Closed baligpanossian closed 5 months ago
In this case, TEstrainer has failed to produce a strained version of the input TE library. This could be because no non-satellite repeats were found in the RepeatModeler run, but this needs to be verified for the runs that failed. What version of Earl Grey are you using? Which OS? What flags did you use to run Earl Grey? Providing the whole log file should help to understand where the process has failed.
Verify that the -families.fa
files contain sequences that you expect. Are any families missing or unexpected?
If you are happy to ignore any filtering steps, you can just rename *-families.fa to /workspace/fastas/515_WP/515_WP_EarlGrey/515_WP_strainer/TS_515_WP-families.fa_7185/515_WP-families.fa.strained
and rerun Earl Grey with the same command to skip to the masking step. I strongly recommend against this as this runs the risk of TE annotations being wrong, as well as the consensus sequences not being refined
Thank you for the prompt response. It is possible that these samples had no non-satellite repeats, but I'd want to check before ruling that out. Also, I'm now only trying to get the raw data with which the pie charts are generated.
I've used EarlGrey 4.2.3 with a conda installation in linux. My command for this sample was
EarlGrey -t 8 -g 515_WP.fasta -s 515 -o 515
The full log file is attached
The script that failed was the simple repeat filter trimming step in TEstrainer... @jamesdgalbraith any ideas on this one?
It looks like all previous steps of TEstrainer completed successfully, so it is something in the post-processing that has caused an issue
Regarding the data used for the plots, this is in the _summaryFiles
directory after a successful run - All the plots are generated using SAMPLE.filteredrepeats.gff
Regarding the data used for the plots, this is in the
_summaryFiles
directory after a successful run - All the plots are generated using SAMPLE.filteredrepeats.gff
Thank you, this is perfect for the samples that ran successfully. As for those with an unsuccessful run that didn't generate anything in the _summaryFIles
, can I manually calculate the data from another file upstream of the summary?

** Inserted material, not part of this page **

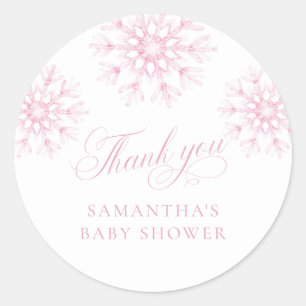 Pink Snowflake Winter Baby Shower Stickers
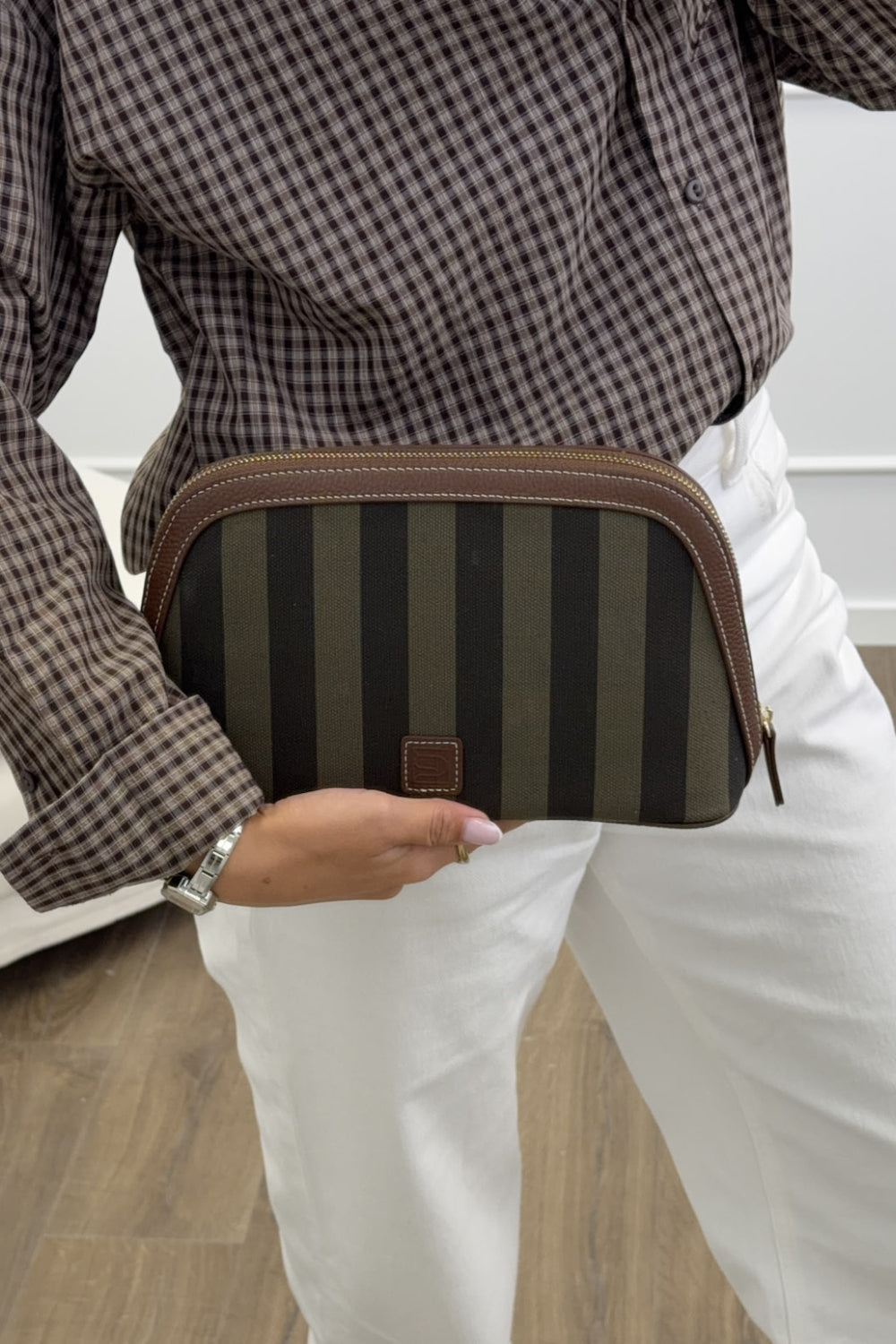 Cosmetic Pouch Large Green Stripe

You will need to run the final repeatmasker step, followed by the post-filtering. The easiest way to do this is to rename the families.fa with the .strained file, delete everything in mergedRepeats/ , RepeatMasker_Against_Custom_Library/ (but not the directories themselves) then run exactly the same command you did before, and Earl Grey will continue as if the TEstrainer step completed successfully.
I would still recommend trying to work out why the TEstrainer step failed, hopefully James could give us some more insight!
Sorry for the delay, I think I've identified the problem.
In the /workspace/fastas/515_WP/515_WP_EarlGrey/515_WP_strainer/TS_515_WP-families.fa_7185/TRF/
folder is there a fasta file tha ends with the extension .nonsatellite
? If not I think that's the error and I'll need to patch this.
Hello again, thank you for following up on this to try to find a fix. After attempting the workaround you suggested previously in this thread, I came across an error indicating that the .nonsatellite file you mention here is not found. I tried to fix this by adding a copy of the -families.fa file and renaming it to -families.fa.nonsatellite in the same directory (/TRF/) but it still didn't produce the summary files. Hope this helps narrow it down
This is planned to be patched in the next release, which should be going live shortly - thanks for brining this up!
Hello, I ran EarlGrey on 21 assemblies but it only produced summary files for 5/21. All runs produced SAMPLE-families.fa files showing representative sequences for each family, but the log files show the following:
This doesn't seem to be an assembly issue, because there were good and poor assembled sequences in both the successful runs and the failed runs.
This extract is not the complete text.